I put in my notice last week Monday that I will be leaving my position as reading teacher March 18. My bosses were sad, which is good, because you'd hate for the person who employs you to shout, "hip, hip, hooray" and be thrilled to replace you.
I haven't told my students yet, and I'm not sure if not telling them is going to hurt or help them. I fantasized about telling them that the only reason I'm sticking around in West Palm Beach is to make sure they pass FCAT, and then they developed some kind of rallying cry like "Let's pass this for Ms. Jayme who believes in us!"
In my mind there is this movie montage of them practicing FCAT test after FCAT test. It resembles that scene in Legally Blonde where she gives up rush week in order to practice for the LSAT, only in my fantasy they are giving up having unprotected sex, illicit drug use, and wasting time with their parasitic boyfriends in order to once and for all leave the academic black hole that is intensive reading class.
At the end of the test they all rush the reading room, throw me in the air, and carry me out of the school to my car. They cheer and wipe grateful tears from their eyes as I drive off into the sunset to go to my final dress fitting (which on an unrelated note will look fabulous on me because I've dropped twenty pounds through all my FCAT teaching efforts!).
My self-absorbed self is hesitant to tell them I'm leaving beacuse I don't want any of them to shut down and stop working. Granted, most won't give a damn if I stay or if I go. A few might be upset. These girls have such little stability in their lives that I hate to add to their chaos in any way. I hope the classroom environment I have given them is a safe, creative space. I hope they realize how much I love them and want them to succeed.
Danny is moving to Houston and our gorgeous new apartment this week. I won't be able to move out there until after the wedding (a mere 67 days away...not that I'm counting or anything). I'm so excited about starting a new life there in our sunshiny little unit, but I'm dreading job hunting in Houston. I want a really flexible tutoring or interventionist position where I have control over my hours and I don't feel like a prisoner in my classroom. It would be nice to be able to go to the post office before it closes or go out to lunch.
Last night, Danny and I finished stuffing, sealing, and addressing our wedding invitations. If everyone we invited shows up, we will have 213 people squeezed into a facility that holds 150 people.

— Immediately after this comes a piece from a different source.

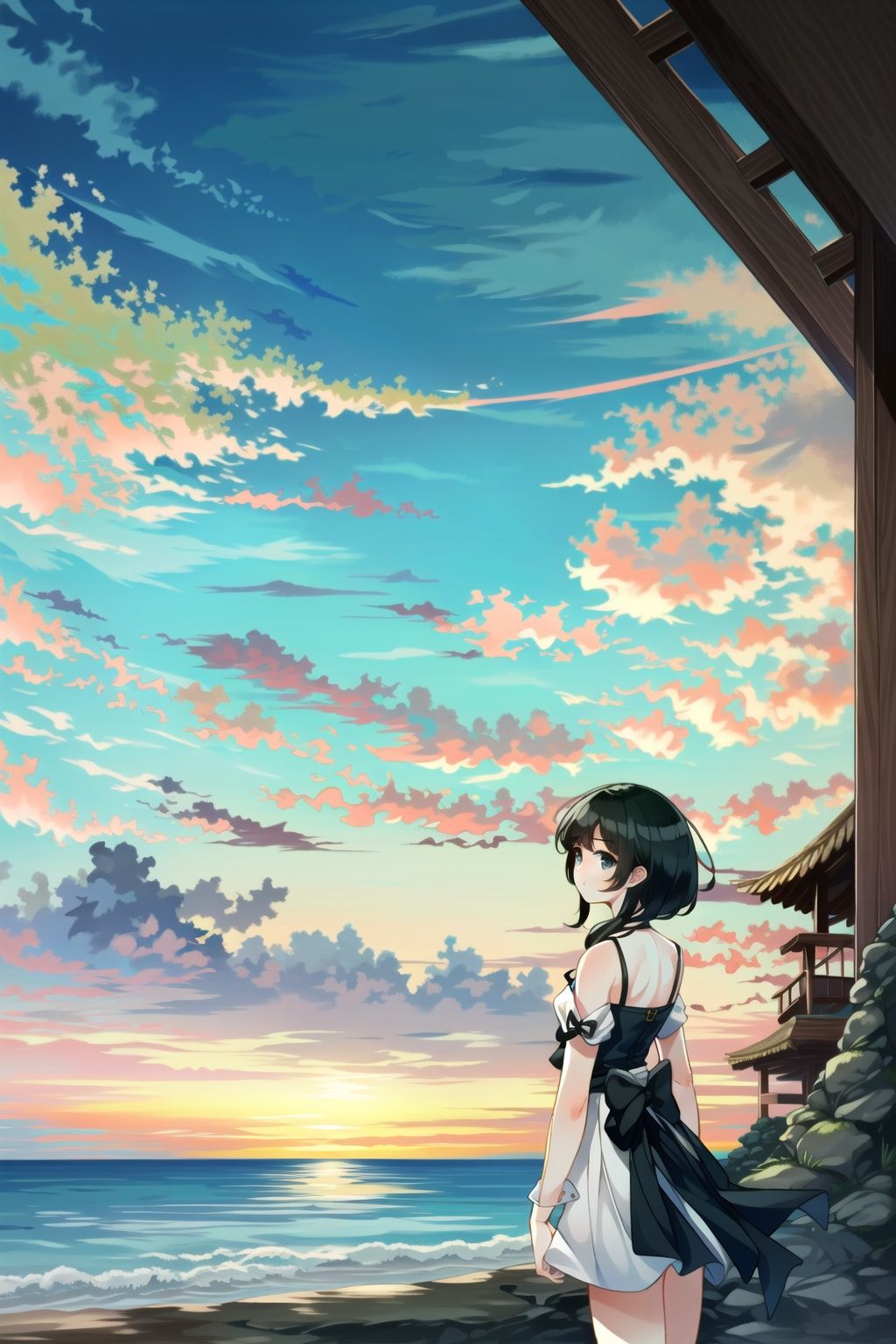 est quality, masterpiece, extremely detailed, detailed background, 1girl, sea, beach, city,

Can you say fire hazard?
Only 75% of people will probably attend, but what if everyone decides a nice Florida vacation is just what they need this spring and our silly little wedding is the perfect excuse to make the trip.
We made all of the invitations ourselves, so some of them are kind of wonky. We especially had fun using the wax seals. I think I might place wax selas on anything I put in the mail from now on. I'd like to believe the people at Comcast and Visa would appreciate the added grandeur a red seal adds to my monthly payments.
When I'm not fantasizing about my students passing the FCAT, my impending nuptials, or how I will arrange pillows on the daybed to make it better resemble a really tall couch, I'm reading Eat, Pray Love by Elizabeth Gilbert. I bought the sequel for my mother-in-law this week, and then decided I should check out what all the hype is about.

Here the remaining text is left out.